Task: Three tasks were defined through wide ranging discussions with the leadership team.
- Profile the target segment of rapidly growing tier two firms.
- Formulate the strategy of the Division for this segment and develop the client’s positioning.
- Carry out sales transformation. Develop and embed appropriate account and sales management methodologies on all-India basis.
Conceptual Foundation and Methodology:
Effective strategy is built on a firm’s unique strengths and resources. Only when products, services and business processes create compelling and unique customer value does a company create competitive advantage. Growth and profitability are the consequences of sustainable competitive advantage, not the other way around. This philosophy of the model Resource Based View of the Firm was used as the cornerstone for building client’s strategy.
The project was divided into three phases: Insight, Strategy Formulation and Sales Transformation.
Insight.
Extensive discussions with team members, review of customer experiences and analysis of how business was won or lost brought out buried knowledge of target segment. Half a dozen teams conducted a number of projects. They presented their study results and discussed collective insights with the leadership team to enunciate preliminary hypotheses.
Another team mined the experiences and feelings of their colleagues, senior managers of the Division and the top management of the company to uncover the firm’s strengths and key capabilities.
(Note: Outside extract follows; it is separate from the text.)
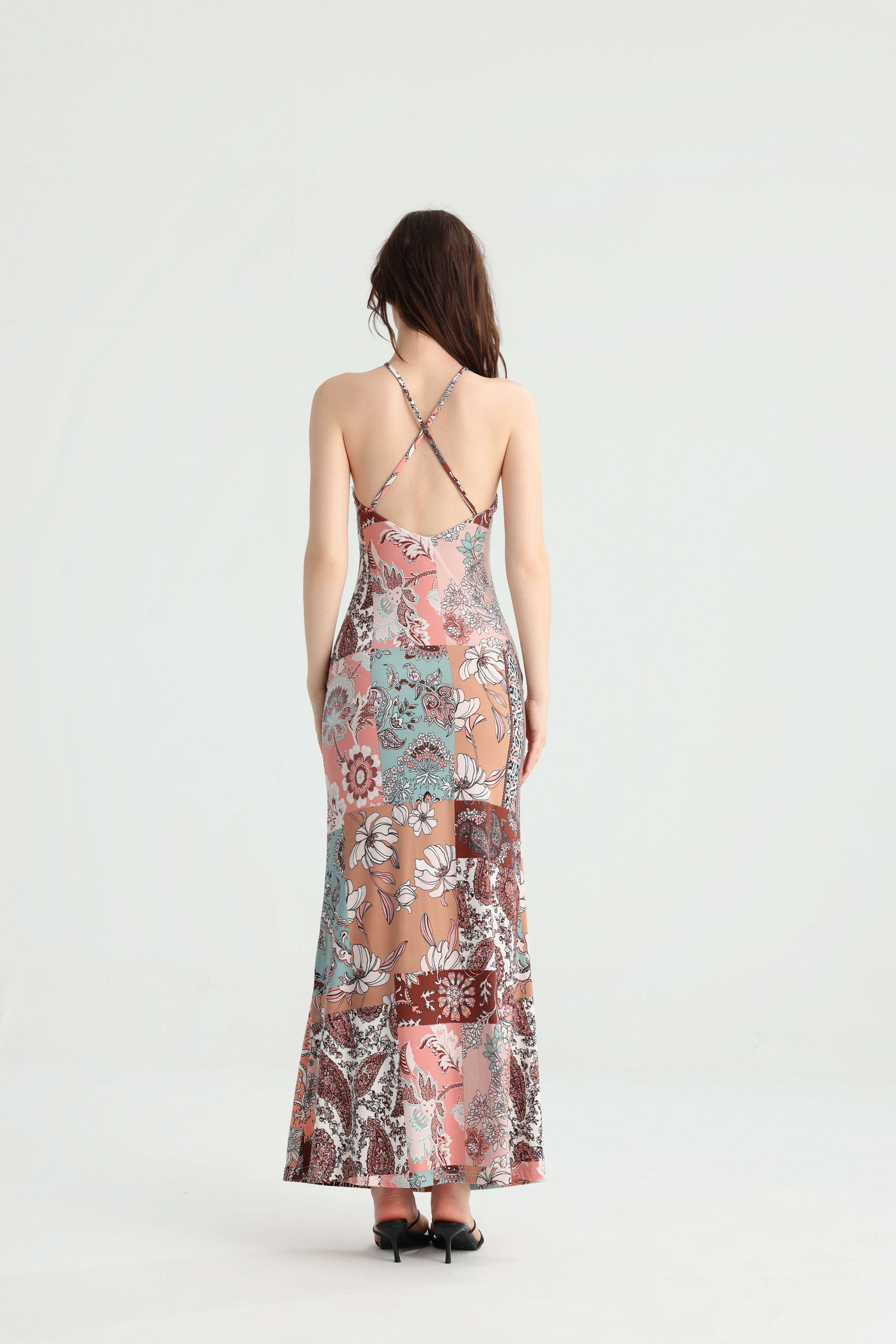 Back view of the patchwork halter maxi dress showing crossed straps, an open back and a mermaid hem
A series of depth interviews with top managers of select customer firms representative of the target segment were conducted to test and refine insights. We learned about their IT strategies, constraints and internal struggles in IT enabling their businesses. Customers shared their faith in the client company’s strengths and warned us about their weaknesses. They also dealt at length with their own behaviour in different buying situations. A fresh set of depth interviews were conducted, this time by client’s managers, to validate revised hypotheses. The stage was now set for strategy formulation.
Strategy.
The market of tier two companies was sub-divided on three parameters: the stage of IT lifecycle, buying situation and customer’s revenue. The client chose to target only a few sub-segments and ignore others. They selected slices where the client was able to offer compelling value. Chosen sub-segments also promised rapid growth and desired volumes. Target segment were then carefully profiled.
A specific methodology for customer engagement was proposed, discussed and adopted. It would enable account executives to profile prospects, match them to those of target segments and determine whether or not to pursue the opportunity. It would help them understand each customer’s requirements, underlying business issues and craft the most appropriate solutions. It would enable them to price offerings competitively yet profitably. Deep engagement with decision makers and influencers in the buying organisation would improve sales effectiveness.
A team of four managers was assisted to develop the positioning statement of the company. They answered key questions customers implicitly ask.
- Who are you?
- What do you do that others don’t?
- Why should we buy from you, how do we benefit?
- Why should we believe you?
The positioning statement reflected the true and abiding spirit of the company, their capabilities and value systems. By communicating it sales personnel would give prospects and customers powerful reasons to do business with them.
Sales Transformation. Execution of sales strategy began in February 2007 with two regional teams as pilots. Sales teams and managers have been put through a one-day workshop to familiarise them with their firm’s imperative to grow business with tier two companies. They have been briefed on strategy and the new sales methodology.
The pilot envisages extensive coaching of account managers in their preparations before a call and subsequent strategy formulation. It is being done while accompanying them on sales calls, observing them in negotiations, while handling enquiries and engaging with product teams in crafting solutions.
Successful implementation of sales strategy is heavily dependent on the way teams are managed. Account review and sales management practices are being aligned to the new sales methodology. In collaboration with regional managers and their superior officers new measures of performance and delivery on strategy are being identified. They will be built into the modified sales and account review programme. Sales managers will be coached to adopt the new processes to make sales management more effective.
As new processes take root in pilot regions, the transformation process will be extended to other regions and progressively scaled up nationally. This process is expected to take till March 2008.